Yes, John. First of all, Q4 was actually very strong for the downstream. The market environment was better, but not a lot better. But what was different was we had those differentials in North America. And they helped us in the Q4.
And of course, that's not just something that just came out of thin air. We made investments in the midstream to be able to where we're seeing across the value chain. In some quarters, that's going
to help us a lot more than other quarters.
So in other words, where there's market disconnects, we're going to be in an advantage position. So Q4 and Q1 was a big difference. As Neil said, some of that was mark to market impact, which that may be something that may be a little different than what we saw historically. The midstream exposure, we feel really good about that. We think it's adding a lot of value for our shareholders.
That might provide a little more fluctuation. But other than that, I don't see it and I feel very strongly that both of those activities are adding material value, adding material value over the midterm and long term. So I feel really good about what we're doing there. Right. In terms of again, in terms of IMO, we have very high conversion.

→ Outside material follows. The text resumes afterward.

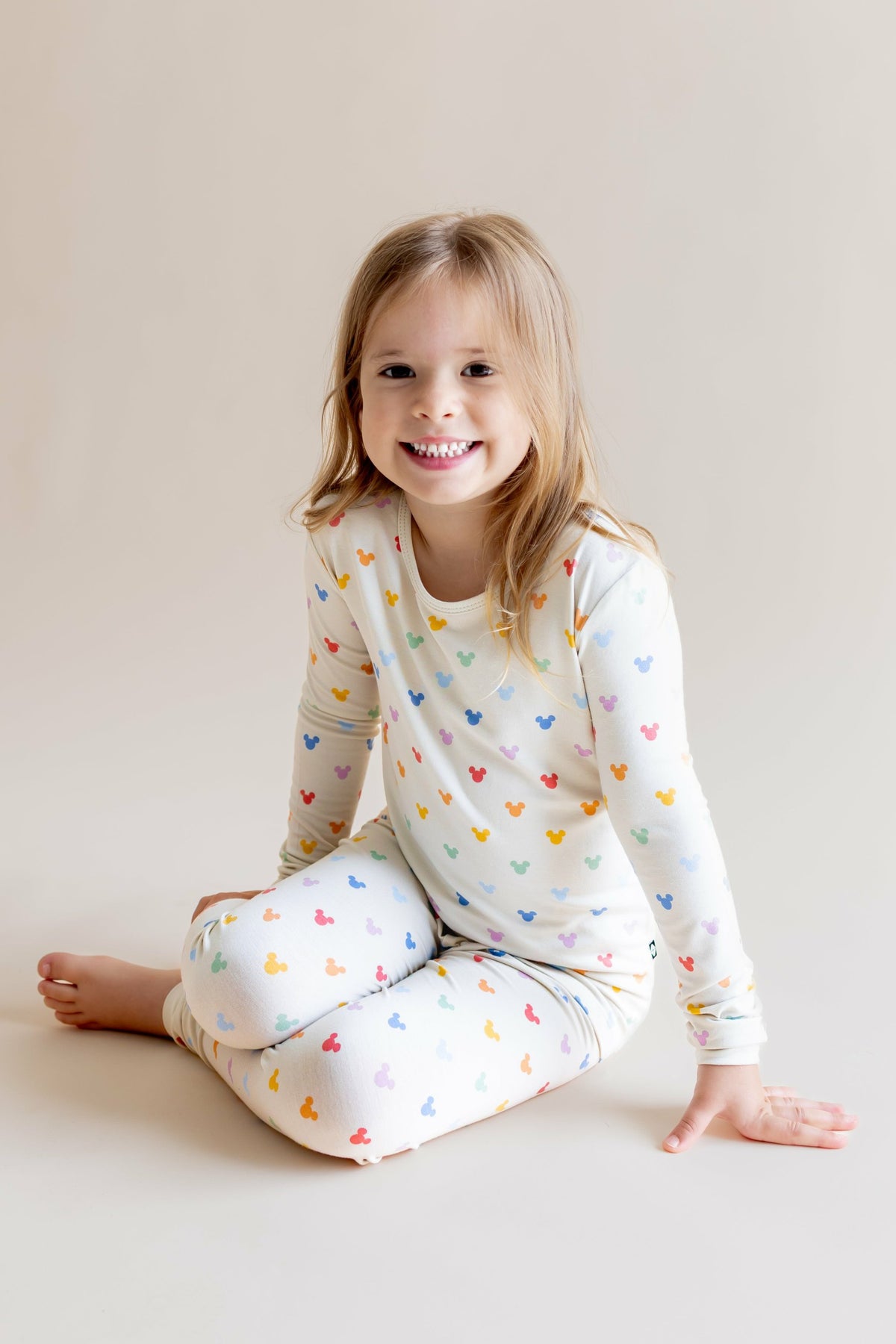 Kyte Baby Long Sleeve Pajamas in Pastel Mickey Mouse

We're adding to that conversion. Everything we're doing on these refining projects is adding advantaged products, products that are growing in demand and so really we're making our refineries more competitive as we go forward. All of them are moving lower cost of supply, more competitive in the global refining spectrum.
Right. Would it
be fair to say that the sort of information that you've taken about extending your participation along the entire value chain at the same time just or have happened at the same time as some of the macro conditions have worked against you to show what the benefits of those initiatives are? Is there a way of thinking about it right now?
Actually, John, I really wouldn't look at it that way because I think we benefited, net benefited. If you talk about macro, if you talk about one particular quarter, okay, maybe I would agree. If you look at it over just take a year, we've had net benefit from looking at the value chain, clearly net benefit and our asset backed trading activities, clearly a benefit. So I think the macro factors have played out pretty much as we expected and we're benefiting from what we're doing. You just got to expand your horizon beyond 1 quarter.
Okay.
Thanks.
Okay. We'll next move to Jason Gammel with Jefferies.
Thanks very much and good morning, gentlemen. Good morning, Jason. First question I had was on some comments that you had made earlier, Jack, about essentially project capabilities. You obviously sanctioned Golden Pass during the Q1, made some pretty significant strides on PNG LNG or PNG as it relates to the Elk Antelope fields during the quarter and also made progress in Mozambique. You're essentially the operator for all three of these on the downstream.
Do you think the organization would have the capabilities of proceeding with all three at the same time?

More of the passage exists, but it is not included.